The only way this could have made sense is if all PRC vessels in that instance were given the command to physically scare off the PCG boat, with other priorities considered secondary
 

4Tran

Junior Member
Registered Member
However, as the gap in national power between China and the U.S. rapidly narrows, the contest will grow ever more tense. In order to maintain its status as the world’s leading power and to prevent a shake in the dollar’s dominance—thereby averting shocks to the global financial system—the United States will continue to suppress China’s rise. Thus, if China were to escalate militarily in a way that led major geopolitical stakeholders to conclude that U.S. intervention was “necessary and imperative,” Washington would act, regardless of its initial inclination.
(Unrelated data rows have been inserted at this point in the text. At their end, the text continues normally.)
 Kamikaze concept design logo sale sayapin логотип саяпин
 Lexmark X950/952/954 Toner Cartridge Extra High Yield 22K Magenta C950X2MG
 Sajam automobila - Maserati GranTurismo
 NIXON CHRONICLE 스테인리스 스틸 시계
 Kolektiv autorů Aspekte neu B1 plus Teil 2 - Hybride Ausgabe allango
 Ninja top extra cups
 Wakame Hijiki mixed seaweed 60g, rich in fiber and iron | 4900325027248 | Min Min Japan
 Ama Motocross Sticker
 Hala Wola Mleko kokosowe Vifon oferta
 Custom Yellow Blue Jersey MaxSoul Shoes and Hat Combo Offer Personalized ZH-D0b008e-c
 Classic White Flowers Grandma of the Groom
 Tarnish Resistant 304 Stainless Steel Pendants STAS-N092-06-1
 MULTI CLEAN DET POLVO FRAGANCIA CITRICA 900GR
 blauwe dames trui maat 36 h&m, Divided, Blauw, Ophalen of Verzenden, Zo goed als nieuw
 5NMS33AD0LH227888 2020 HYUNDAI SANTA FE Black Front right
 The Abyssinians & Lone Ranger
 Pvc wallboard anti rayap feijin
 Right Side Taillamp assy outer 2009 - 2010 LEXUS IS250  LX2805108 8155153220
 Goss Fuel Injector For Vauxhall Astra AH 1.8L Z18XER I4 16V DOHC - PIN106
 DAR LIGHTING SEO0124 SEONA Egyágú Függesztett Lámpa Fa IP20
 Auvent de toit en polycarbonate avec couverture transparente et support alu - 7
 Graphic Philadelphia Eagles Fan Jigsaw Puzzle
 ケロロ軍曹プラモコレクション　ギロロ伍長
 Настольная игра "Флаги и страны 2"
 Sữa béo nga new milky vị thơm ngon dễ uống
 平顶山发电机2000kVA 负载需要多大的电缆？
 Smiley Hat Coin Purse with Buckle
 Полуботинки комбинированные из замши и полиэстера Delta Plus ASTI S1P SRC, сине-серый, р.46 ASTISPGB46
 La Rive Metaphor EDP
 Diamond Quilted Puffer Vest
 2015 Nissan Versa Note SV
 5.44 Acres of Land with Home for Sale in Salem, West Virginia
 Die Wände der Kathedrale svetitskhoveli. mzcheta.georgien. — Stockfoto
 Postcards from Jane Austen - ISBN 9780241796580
Should China then be compelled to escalate in response, direct or indirect military confrontation between the two could spiral upward—until one side suffers internal destabilization, or the world slips into the outcome both most wish to avoid: utter silence.
This is the most important part. If current trends hold, China will win more and more handily. And as the status quo favors them so much, there's little reason for them to change their strategy. The American strategy hasn't been working, so the onus is on them to change things up. And so, small incidents like this (and this really is a very small incident) don't change anything strategically so there's nothing in it for China to escalate. Philippines is also walking on a razor's edge. While the overall calculus is for China to do nothing, there's always a chance for that stance to change, and while the US may benefit from this, the outcome for Pilippines can be much much worse.
 

tankphobia

Senior Member
Registered Member
If China wanted these games to end tomorrow they can simply sanction Phillipines economically. China is Philippines's largest trading partner and can easily cripple their economy. I don't know why China uses the kinetic option when they don't have to. There's already good example with the US using its economical heft to shake down even its allies, it's perfectly reasonabe to do it against belligerent states.